Doesn't make any sense

"Do you know when the Mongols ruled China?"

"Well, perhaps we can ask them!"

Even if you have a time machine at your fingertips, wouldn't you STILL have to know at least approximately 'where' (or 'when') to go to FIND the Mongols to ask them?

So if you have to know that much anyway, you have to have an easier way of obtaining such historical information, so why bother asking them, when there's clearly an easier way to get this information?

I mean, if you have (from somewhere, where exactly?) enough information to know when the Mongols even existed as an empire, why would you have to suddenly go all the way to the mongols themselves to ask questions about the time periods and eras of their conquest?

Also, would the Mongols that just started ruling China (you can't go ask the Mongols BEFORE they ruled China, because how the heck would they know?) really know exactly how long their reign will last? They can't know the future, but a time traveler should be able to.

So asking them would AT BEST give you the 'starting date' of their rule, not answer the whole 'when did they rule' question.

Furthermore, are people like Bill and Ted from San Dimas really going to be able to not only speak the Mongolian language (whatever language they spoke back then), but also understand THEIR calendar and calculation of time (even the Chinese moon calendar of the era differs greatly from the Julian calendar of modern times), AND be able to convert/translate that information to modern format..
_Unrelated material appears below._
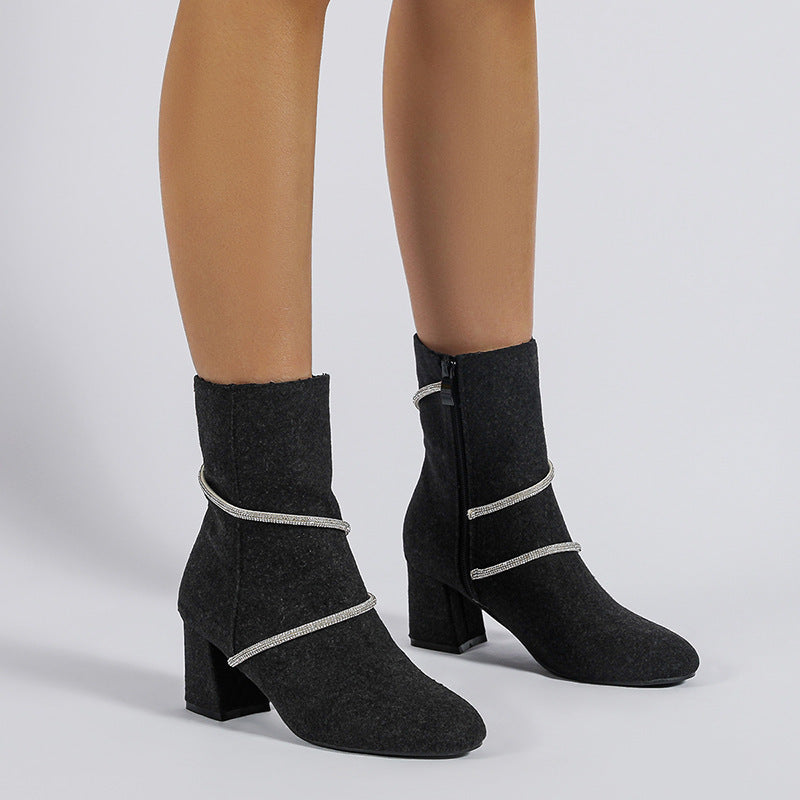 Leanne – Chunky Damenstiefel mit Strassketten-Design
..AND also understand Mongolian culture and everyday life to be able to understand any answer the Mongols might - - OR MIGHT NOT - - freely give them?

In what kind of situation and position, location and time can these two doofuses really ORGANICALLY and naturally ask the Mongols such a thing?

To add to all of this, just HOW suspicious would these two seem to the Mongols? They're dressed completely strangely, they speak strange language in strange voice, strange intonation, and they do strange gestures all of the time. But most importantly, even if all those problems were somehow solved;

HOW suspicious would someone be that doesn't know such a MAJOR fact about their 'great dear leader''s most recent and excellent conquest?

It makes _NO_ sense to just 'go ask the Mongols', and it makes so much more sense to acquire this information pretty much _ANY_OTHER_WAY_.

Even going to 1989 San Dimas library one day earlier or 10 years earlier would still be easier and make more sense, give more information in an immediately digestible way, etc. etc.

This part makes NO SENSE whatsoever!

But everything else is perfectly logical and cool. Beethoven would love 1980s synths.


It’s a silly comedy. You are overthinking this way too much.


Agreed. WAAAAAAAAY too much!


If the film had been intended to be an academic guide on how to do historical research, it would have failed. However, as a goofy comedy, it succeeded most excellently.


I don't think Rufus was being literal. It was just a throwaway line, rather than having him giving them the exact dates they required and then saying; "By the way, this is a time machine and we're going to go back in time to help you with your history report."


I used to think along the lines of the OP, but I'm more in agreement with you now. It's less of a literal "go investigate the actual start and end dates of the Mongolian rule," and more of a "you want to know history, go experience it for yourselves" kind of thing.



It's just a cool line, and a way of Rufus introducing the idea of experiencing history.


it's not supposed to make sense. It's just supposed to be fun and entertaining.